De boekenlegger die je bij het boek ontvangt stippelt de route door de titels van de hoofdstukken uit, wat meteen al als een kompas kan dienen. Opvallend is ook dat elk hoofdstuk een eigen kleurthema heeft gekregen. De opbouw van de hoofdstukken vind ik logisch:
De eerste helft van het boek voornamelijk over de voorbereiding en aanloopfase gaat, een lineair proces.
De tweede helft van het boek gaat over de 3 belangrijkste financieringsvormen; afhankelijk van de financieringskeuze lees je een hoofdstuk.
Uiteindelijk komt het financieringsproces logischerwijs weer samen in het laatste hoofdstuk 'Het leven met een Professionele Investeerder'.
Ik verwacht dat deze opbouw van het boek de lezer flink geruststelt en voldoende houvast geeft in het veelzijdige traject van groeifinanciering.
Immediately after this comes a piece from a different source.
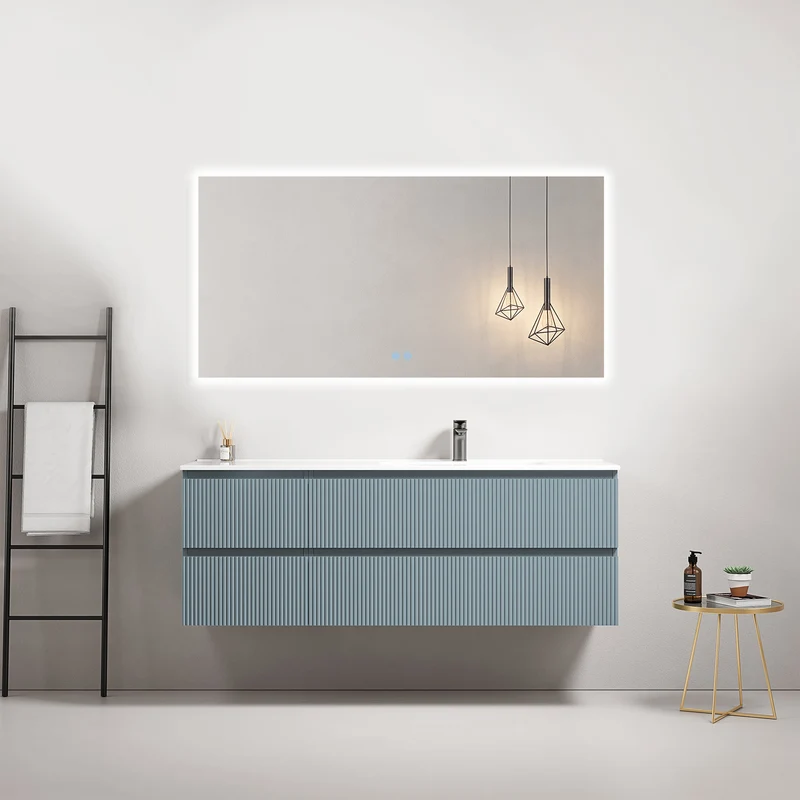 Mobile bagno sospeso cannettato 140 cm Blu Avio Lavabo a Destra in Resina Specchio Quadro Retroilluminato - Fiji Paint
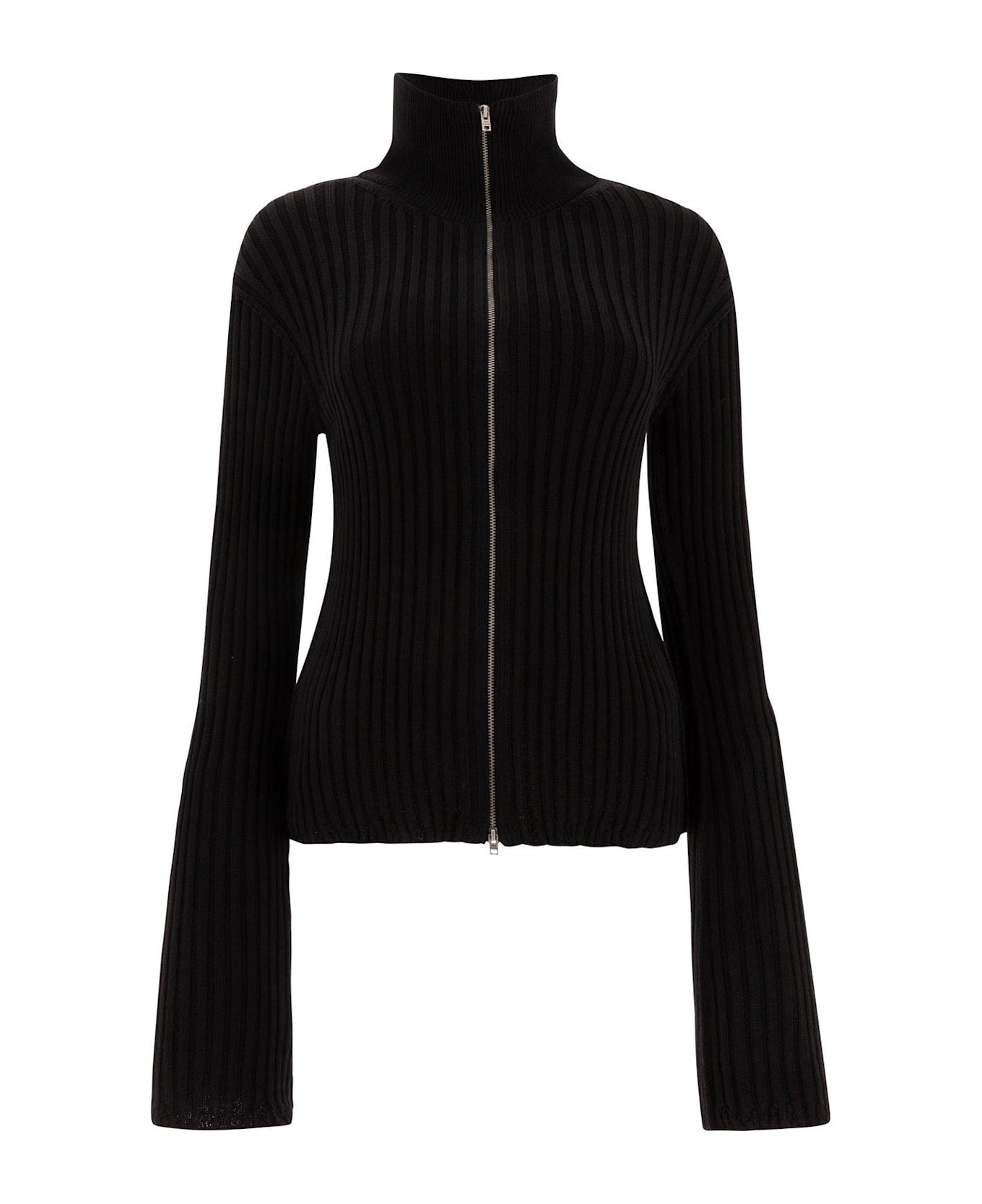Zip-up High-neck Cardigan - 1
Initieel doen de titel en omschrijving van What the Fund? niet denken aan de doelgroep van gestarte start-ups, terwijl de auteur Nathalie De Ceulaer juist in de introductie pleit dat deze ondernemers veel baat zullen hebben bij de gids die ze heeft geschreven. Want een goede A-serie investering ophalen betekent nu al je bedrijf erop gaan voorbereiden:
Maak een plan,
neem je bedrijf onder de loep,
kies alvast een financieringsrichting en
maak de onderneming klaar voor een instappende investeerder.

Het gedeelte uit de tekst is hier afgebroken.